Abstract

We explored a biological role of SET as it relates to cell proliferation and differentiation. Immunohistochemical staining demonstrated that the expression of SET was ubiquitous and diffuse over the whole embryo on gestational day 15. At a later stage of development, SET was expressed at relatively lower levels and localized to specific tissues and cells. On embryonic day 19, specific SET immunoreactivity was found in the epithelium of skin, respiratory tract, intestine, and retina as well as in muscle and cartilage. In these cells SET was stained mostly in the nucleus, which was supported indirectly by nuclear transport of enhanced green fluorescence protein-SET fusion proteins in ECV304 endothelial cells. Set mRNA expression was further confirmed in various cultured cells, including NIH 3T3 cells, L6 myoblast cells, human umbilical vein endothelial cells, and ECV304 cells. Using F9 teratocarcinoma cell lines, which were stimulated to differentiate into the two different cell lineages of parietal and visceral endoderm, we have further examined the role of SET. The expression of set mRNA and SET protein was diminished about three-fold in both differentiated endoderm cells compared to the undifferentiated F9 cells.

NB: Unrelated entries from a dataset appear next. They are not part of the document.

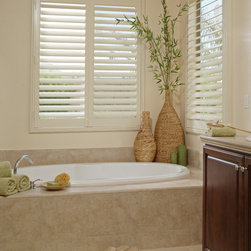 Wooden Shutters - Interior Shutters
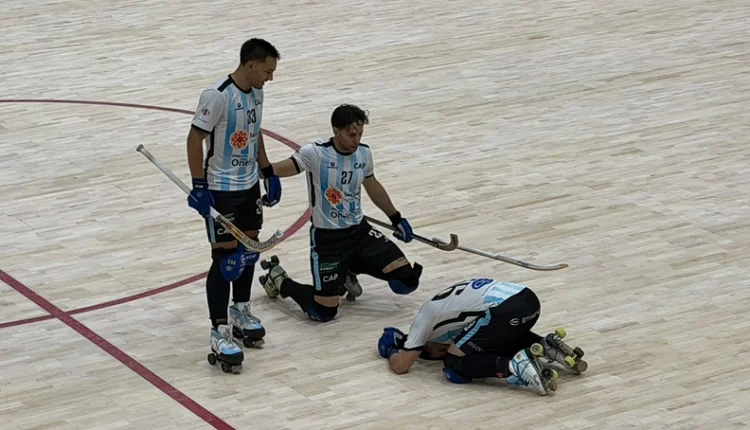 Argentina a semifinales del Mundial de Hockey sobre Patines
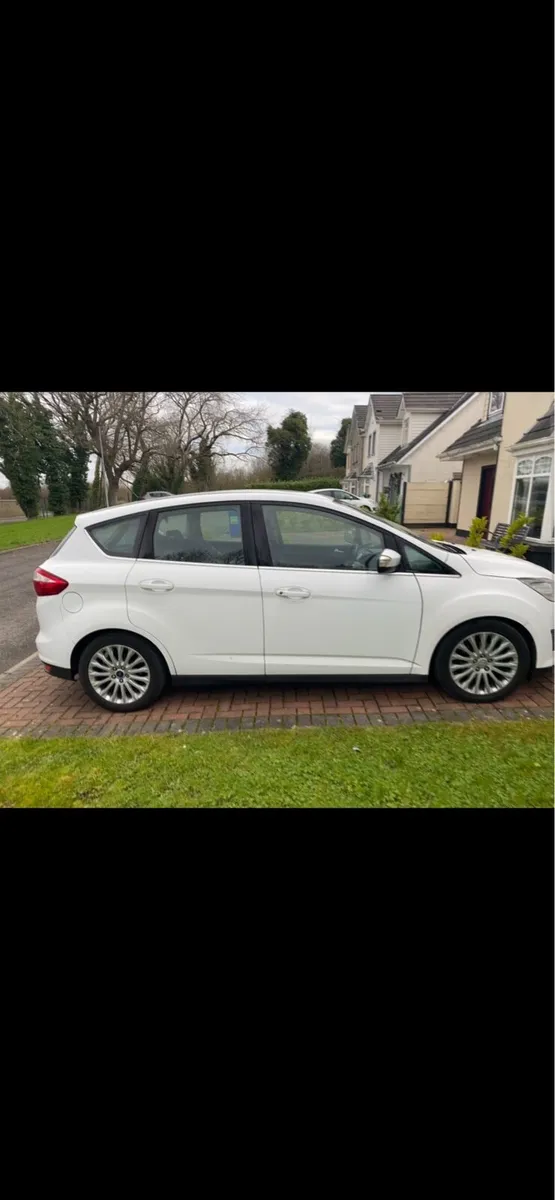 2014 Ford Cmax Ecoboost - Image 3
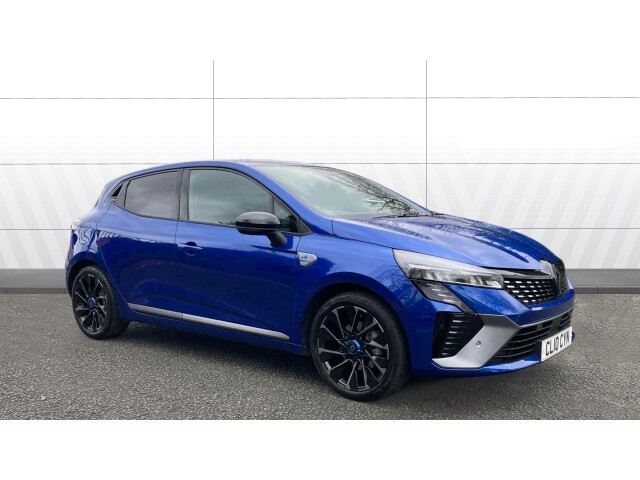 2024 Renault Clio 1.6 Esprit Alpine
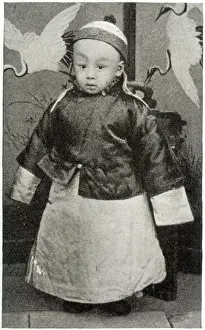 Tenth Prints: Hsuan-T ung / Last Emperor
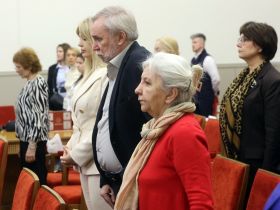 В Союзе женщин России наградили победителей и лауреатов Всероссийского конкурса журналистов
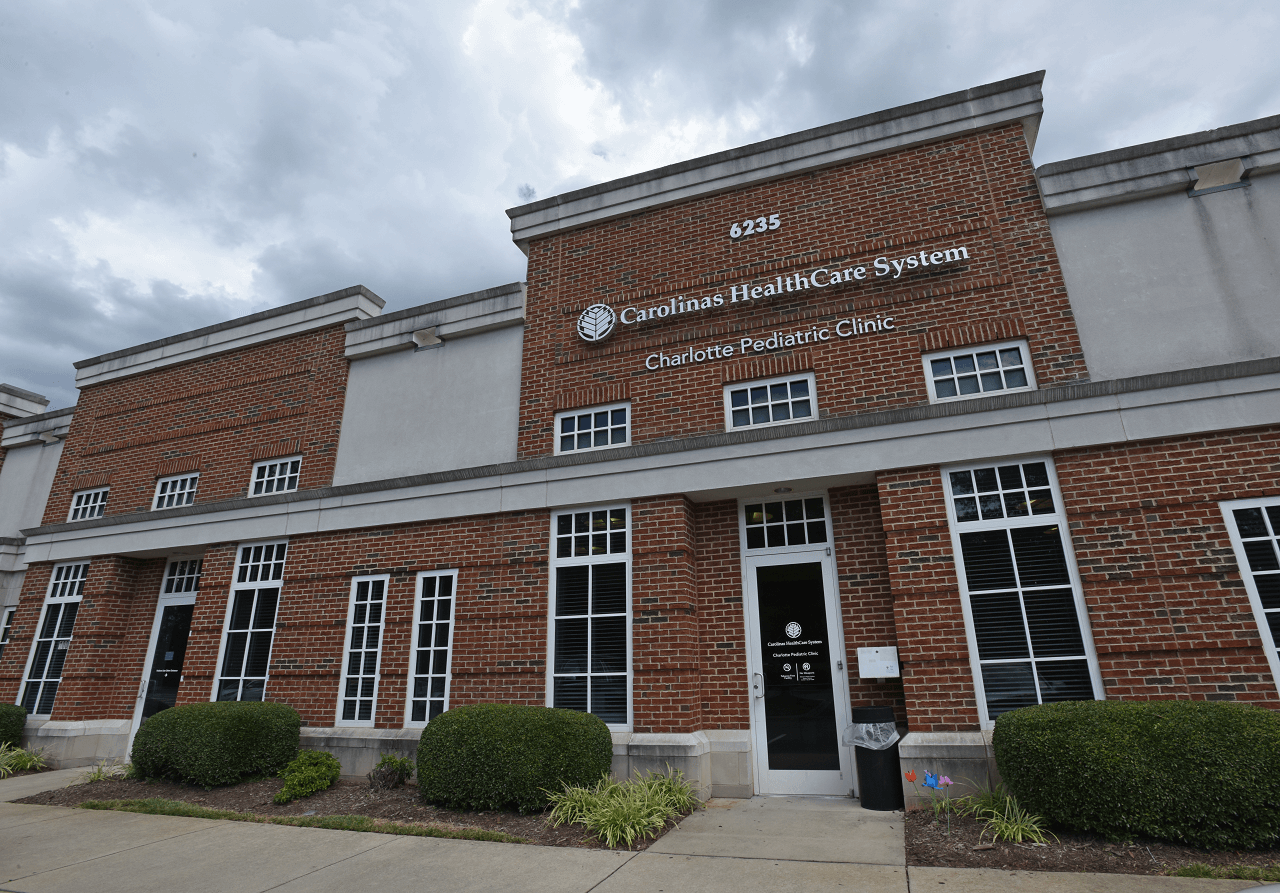 Atrium Health Levine Children's Charlotte Pediatric Clinic - Blakeney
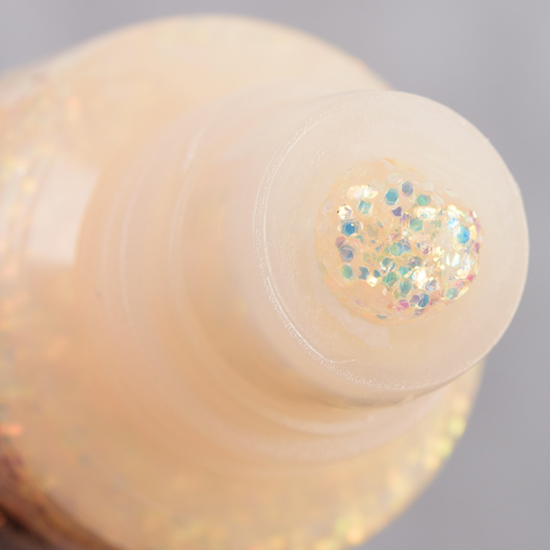 Urban Decay Dreamland Heavy Metal Glitter Gel Review & Swatches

However, when F9 cells were subjected to serum starvation, reduction of set mRNA abundance also took place at a similar level to that observed in response to differentiation. Consistent with this, quiescent L6 myoblast showed a marked downregulation of set mRNA compared to proliferating cells. These results suggest that SET is involved mainly in the regulation of cell proliferation rather than differentiation during embryonic development.